4. After replay, banner clears; digest entry appended:
> 14:02 to 14:49 — platform paused. 14 actions replayed, 0 failures.
## Path D — App offline
iPhone has no signal. Behavior per brief A §offline:
- Offline banner (yellow chip, top of chat): `offline — queued mutations: 3`.
- Cached calendar + recent assets browseable.
- Approval swipes work and queue; SyncEngine retries on reconnect.
- No specialist degradation banners — the app can't know the server state until reconnect. On reconnect, server-side state fans out: the device may discover several specialists were degraded while offline, surfaced as a single rollup card:
> While you were offline: bookings-tryst had 2 failed bumps (recovered 14:09). content-x paused 6 minutes (recovered). No actions lost.
## Path E — Catastrophic (kill-switch)
Different surface entirely — see [`kill-switch.flow.md`](./kill-switch.flow.md). Banner copy + behavior is more restrictive than Path C (no auto-replay on resume; Quinn dictates).
## Cross-cutting: failure interrupts (M3)
If a failure occurs **during** a Quinn-initiated action (e.g. she tapped approve and the dispatch failed), the card animates back in with a failure badge instead of disappearing:
```
┌──────────────────────────────────────┐
│ ⚠ Couldn't publish to OF. │
│ Reason: 429 rate limit · attempt 2/2 │
│ │
│ [ Retry now ] [ Hold ] [ See log ] │
└──────────────────────────────────────┘
```
Plain register. Stakes badge stays whatever it was before — failure doesn't change stakes, only outcome.
## Conflict resolution (M7) — special case of recovery
When two devices edited the same draft and both are reconciling:
```
Two versions diverged.
[ Yours (iPhone, 14:02) ]
| about-me: warm, dry, no marketing line.
[ Theirs (web, 14:11) ]
| about-me: warm, no marketing line — tour focused.
[ Cocotte's merge ]
| about-me: warm, dry, no marketing line — tour focused.
Pick one or edit.
```
iPhone-narrow collapses the three to a button row → tap opens full-screen diff drawer (per [brief M](./M-error-degraded-modes.brief.md) M7 open Q resolution).
## Notification fallback hierarchy (M4) — applied in Paths AC
For any high-stakes notification while a delivery channel is down:
1. Try iMessage (mac-sync) → if mac-sync degraded, fall to push.
2. Push → if APNS rejects (rare), fall to in-app banner on next launch.
3. In-app banner → always present even after the originating notification was delivered, so Quinn sees it on app open regardless.
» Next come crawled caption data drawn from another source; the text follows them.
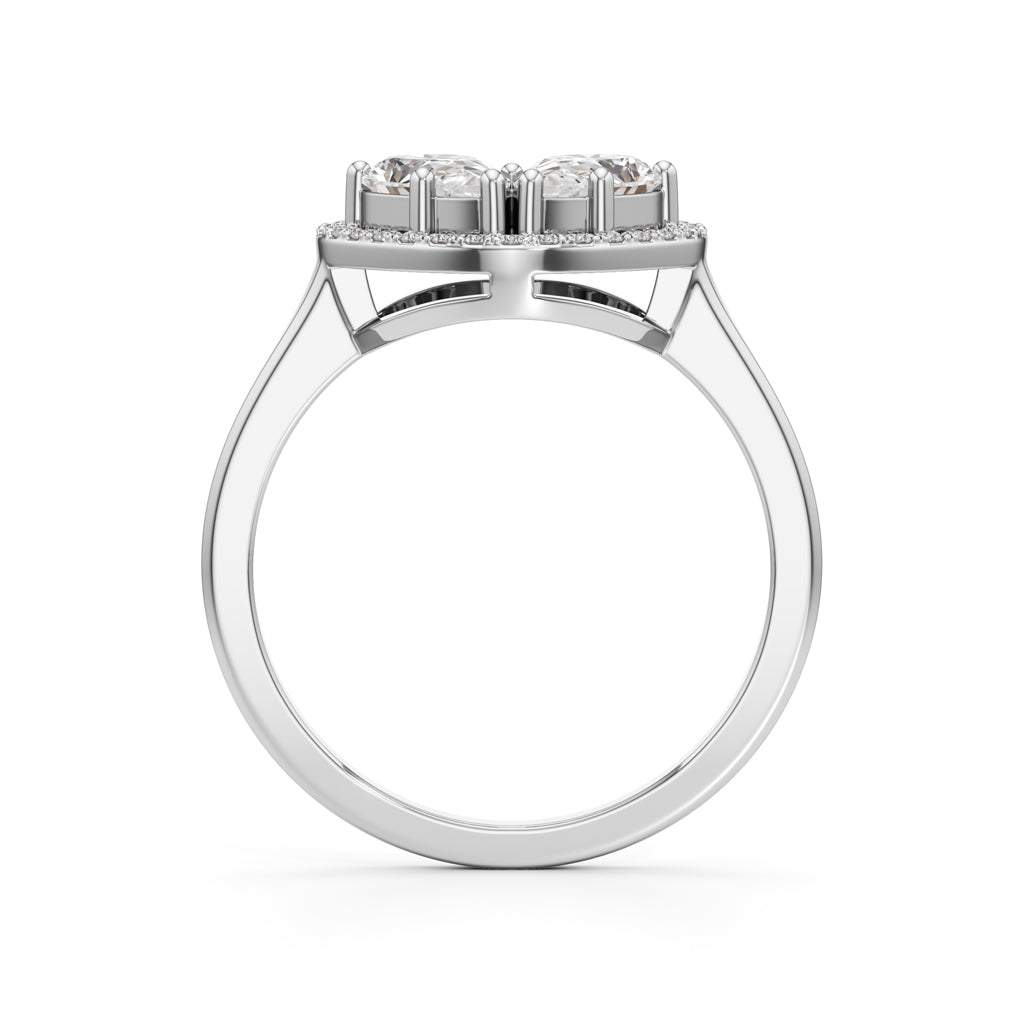 Haladira Heart Style Pear Cut Halo Ring
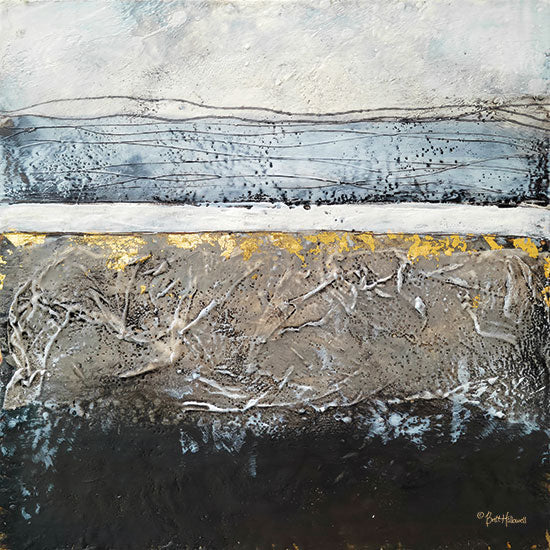 Britt Hallowell BHAR602 - BHAR602 - Piling it On - 12x12 Abstract, Silver, Gold, Textured Art, Contemporary from Penny Lane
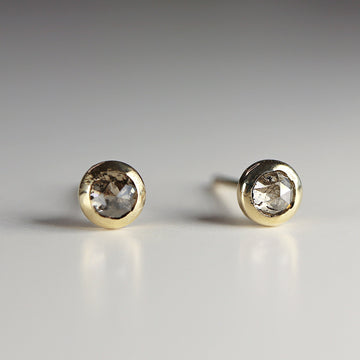Salt and Pepper Diamond Stud Earrings 14k Gold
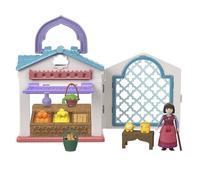 Mattel Disney Wish - Mercato di Dahlia di Rosas, playset portatile con 1 bambola Dahlia, 1 personaggio Star e 9 accessori, set da viaggio ispirato al film, giocattolo per bambini, 3+ anni, HRH74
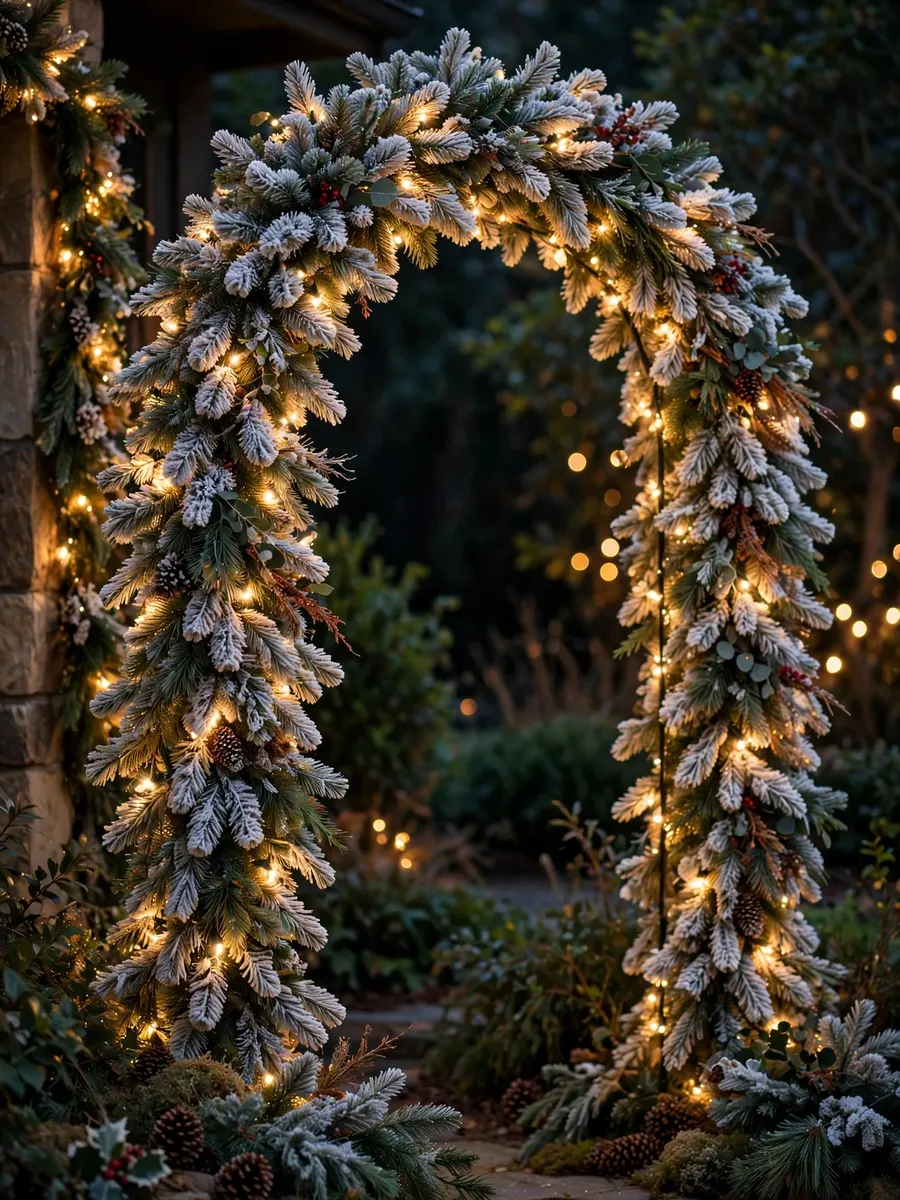 Flocked Needle Arch Features idea for Outdoor Lighted Christmas Garland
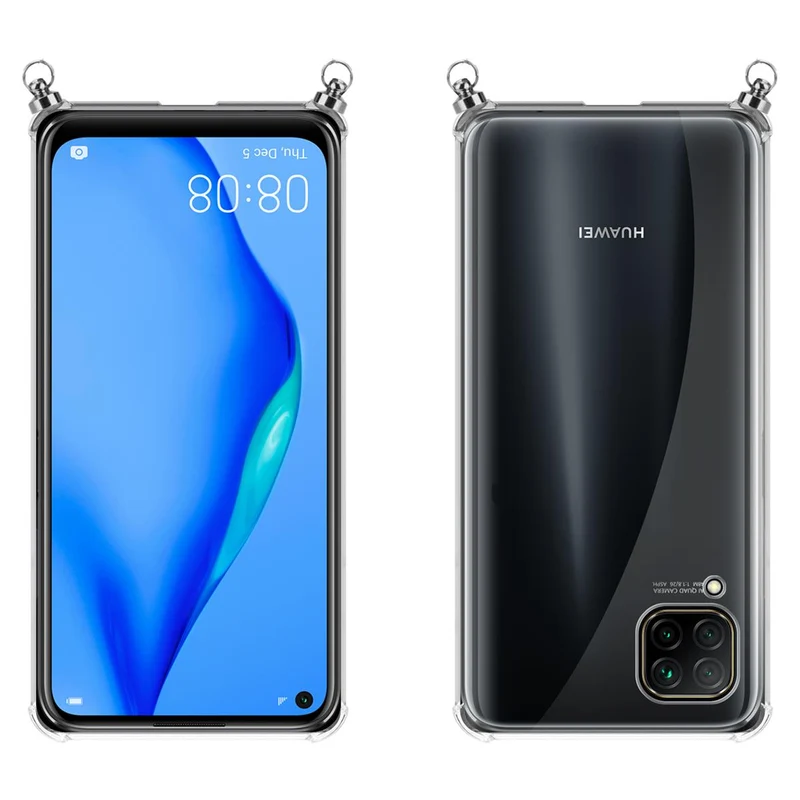 Silikon Hülle Handykette kompatibel mit Huawei NOVA 6 SE / P40 LITE / NOVA 7i mit silbernen Ringen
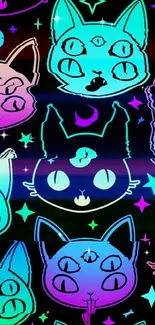 Vibrant neon cat pattern on dark background, perfect for mobile.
The fallback is **never silent** — every fallback hop logs an `agent_actions` row and the high-stakes notification is queued for the next available channel.
## Edge cases
- **Multiple failures cascade** (Tryst + TS4Rent fail in the same minute): two specialist banners, each in their own drawer; fleet status strip shows two red dots. No global banner unless the cascade reaches Path C territory.
- **Failure during the failure** (re-auth flow itself errors): plain banner promotes to:
> Re-auth didn't go through. Hold off and try again, or open the audit log.
- **A high-stakes notification fires while in Path C**: ai-copilot drafts a chat message (works because read-only chat is fine) and the notification is queued for after recovery. Quinn sees the chat message; the notification fires on recovery so she gets both records.
## Related
- [brief M](./M-error-degraded-modes.brief.md) — full design.
- [`kill-switch.flow.md`](./kill-switch.flow.md) — Path E.
- [brief A](./A-chat-surface.brief.md) §offline-tolerant + State 9.
- [brief I](./I-audit-trust-replay.brief.md) — digest entries render the gap.
- [voice](./00-system-voice.md) §V2c plain register.